# Information provided
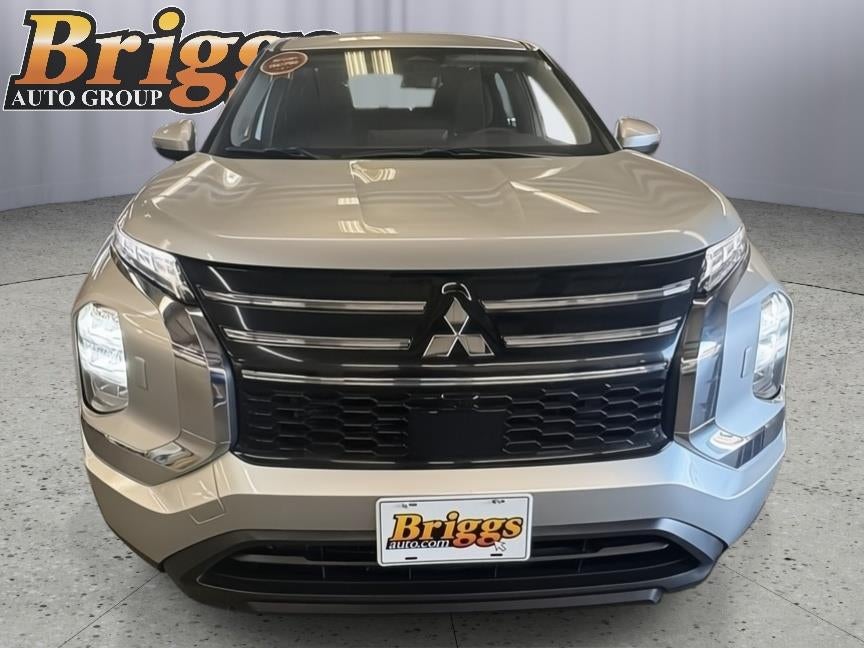 2025 Mitsubishi Outlander ES
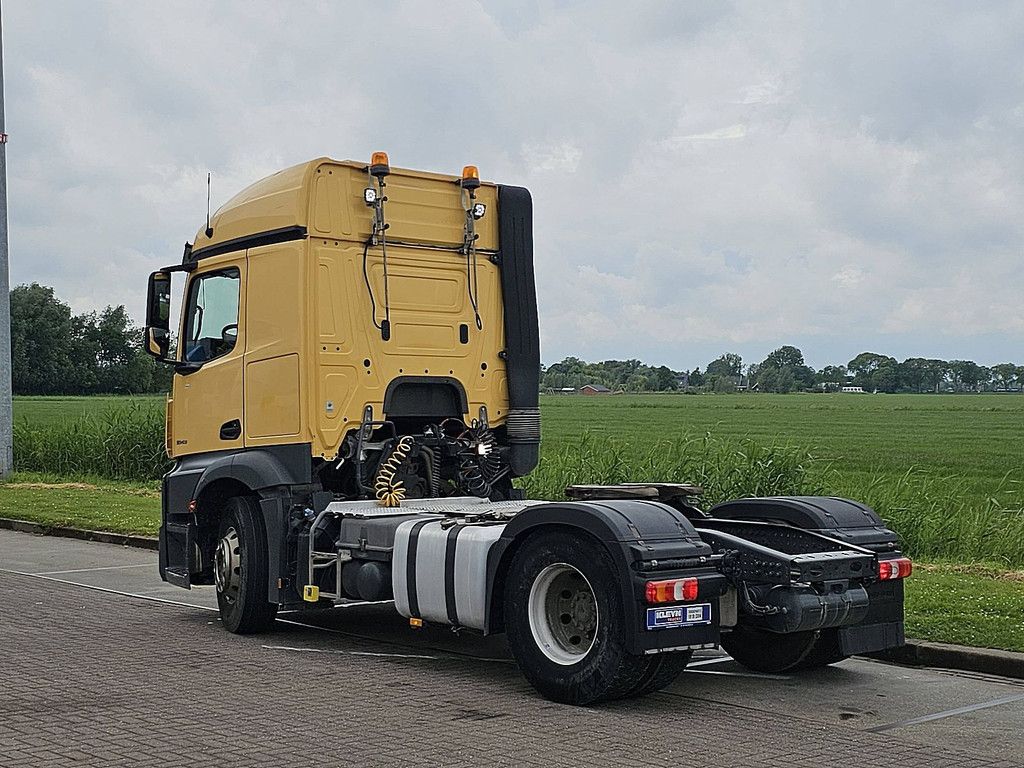 MERCEDES-BENZ ACTROS 1843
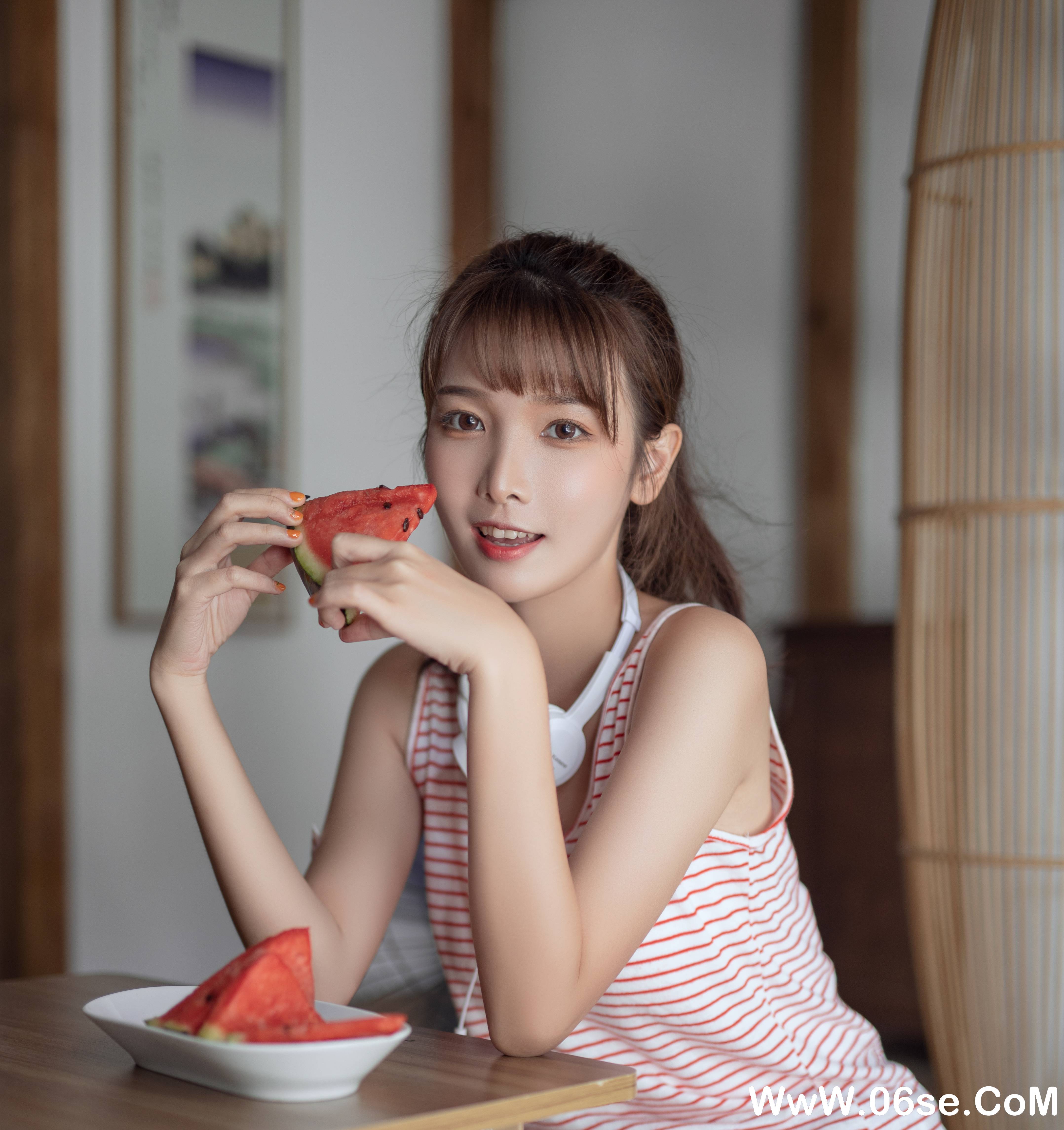图片[3]-[YITUYU艺图语]2021.08.13 西瓜少女 湘湘[24+1P／217MB]-六色网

# Assigned task
Whenever a line holds a picture, print that line without the picture. All other data must be output exactly.

# Response
 2025 Mitsubishi Outlander ES
 MERCEDES-BENZ ACTROS 1843
图片[3]-[YITUYU艺图语]2021.08.13 西瓜少女 湘湘[24+1P／217MB]-六色网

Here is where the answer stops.